Debug an Azure AI Search skillset in Azure portal

Article
04/01/2024

Start a portal-based debug session to identify and resolve errors, validate changes, and push changes to a published skillset in your Azure AI Search service.

A debug session is a cached indexer and skillset execution, scoped to a single document, that you can use to edit and test your changes interactively. When you're finished debugging, you can save your changes to the skillset.

For background on how a debug session works, see Debug sessions in Azure AI Search. To practice a debug workflow with a sample document, see Tutorial: Debug sessions.

Prerequisites

An existing enrichment pipeline, including a data source, a skillset, an indexer, and an index.
A Contributor role assignment in the search service.
An Azure Storage account, used to save session state.
A Storage Blob Data Contributor role assignment in Azure Storage if you're using a system managed identity. Otherwise, plan on using a full access connection string for the debug session connection to Azure Storage.
If the Azure Storage account is behind a firewall, configure it to allow search service access.

Limitations

Debug sessions work with all generally available indexer data sources and most preview data sources. The following list notes the exceptions:

Azure Cosmos DB for MongoDB is currently not supported.
For the Azure Cosmos DB for NoSQL, if a row fails during index and there's no corresponding metadata, the debug session might not pick the correct row.
For the SQL API of Azure Cosmos DB, if a partitioned collection was previously non-partitioned, the debug session won't find the document.
For custom skills, a user-assigned managed identity isn't supported for a debug session connection to Azure Storage. As stated in the prerequisites, you can use a system managed identity, or specify a full access connection string that includes a key. For more information, see Connect a search service to other Azure resources using a managed identity.

The portal doesn't support customer-managed key encryption (CMK), which means that portal experiences like debug sessions can't have CMK-encrypted connection strings or other encrypted metadata. If your search service is configured for CMK enforcement, debug sessions won't work.

Create a debug session

Sign in to the Azure portal and find your search service.
In the left navigation page, select Debug sessions.
In the action bar at the top, select Add debug session.
In Debug session name, provide a name that will help you remember which skillset, indexer, and data source the debug session is about.
In Storage connection, find a general-purpose storage account for caching the debug session. You'll be prompted to select and optionally create a blob container in Blob Storage or Azure Data Lake Storage Gen2. You can reuse the same container for all subsequent debug sessions you create. A helpful container name might be "cognitive-search-debug-sessions".
In Managed identity authentication, choose None if the connection to Azure Storage doesn't use a managed identity. Otherwise, choose the managed identity to which you've granted Storage Blob Data Contributor permissions.
In Indexer template, select the indexer that drives the skillset you want to debug. Copies of both the indexer and skillset are used to initialize the session.
In Document to debug, choose the first document in the index or select a specific document. If you select a specific document, depending on the data source, you're asked for a URI or a row ID.

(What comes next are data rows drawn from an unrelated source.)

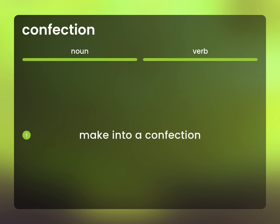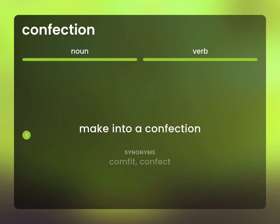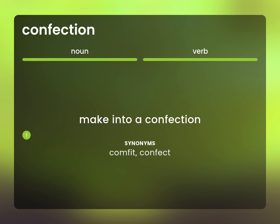Make into a confection. Comfit. Confect.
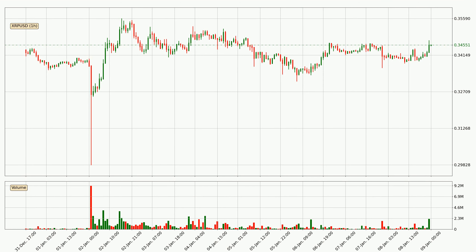Looking at the Ripple hourly time frame, the price moved only slightly to the upside with around 1.3% in the last 24 hours, with a current price of $0.346.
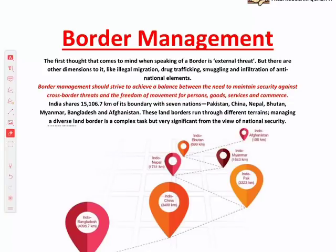Hi everyone, welcome to Sleepy Classes. Our next topic in Internal Security is Border Management.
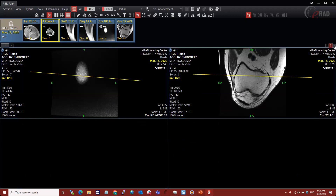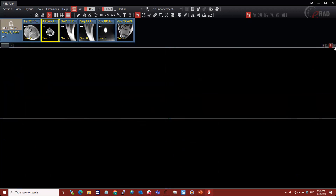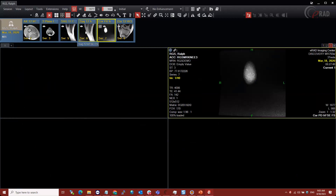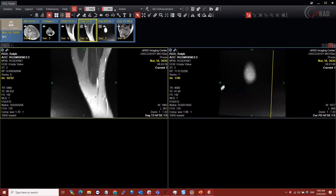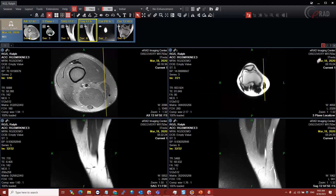I can add another virtual monitor manually by hitting the plus sign here, and then add different content on it. That allows you to build a hanging protocol that encompasses multiple monitors. Typically you won't use that feature a lot, but that's what it does.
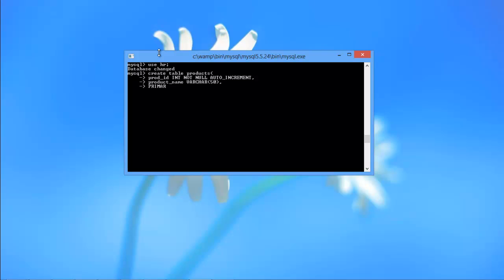After that, write the primary key keyword and specify the ID field within parentheses. Insert a closing bracket followed by a semicolon in the end and hit enter.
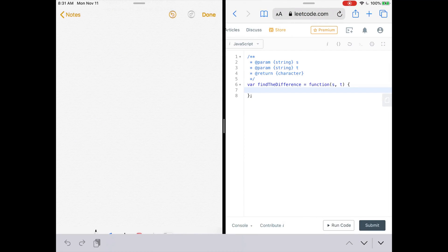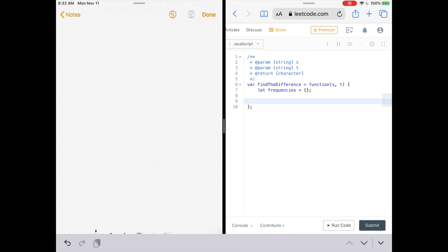Let's get to the code. LeetCode gives us a function called 'findTheDifference' which accepts two parameters: s and t. s is one string, t is the string that has one more character than s. The first thing we do is create a map — we'll use a simple object: let frequencies equal an empty object. Let's pretend that the string s is 'aba'.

If your specific document is a blob, provide the blob URI. You can find the URI in the blob property page in the portal.
Optionally, in Indexer settings, specify any indexer execution settings used to create the session. The settings should mimic the settings used by the actual indexer. Any indexer options that you specify in a debug session have no effect on the indexer itself.
Your configuration should look similar to this screenshot. Select Save session to get started.

The debug session begins by executing the indexer and skillset on the selected document. The document's content and metadata created will be visible and available in the session.

A debug session can be canceled while it's executing using the Cancel button. If you hit the Cancel button you should be able to analyze partial results.

It's expected for a debug session to take longer to execute than the indexer since it goes through extra processing.

Start with errors and warnings

Indexer execution history in the portal gives you the full error and warning list for all documents. In a debug session, the errors and warnings will be limited to one document. You'll work through this list, make your changes, and then return to the list to verify whether issues are resolved.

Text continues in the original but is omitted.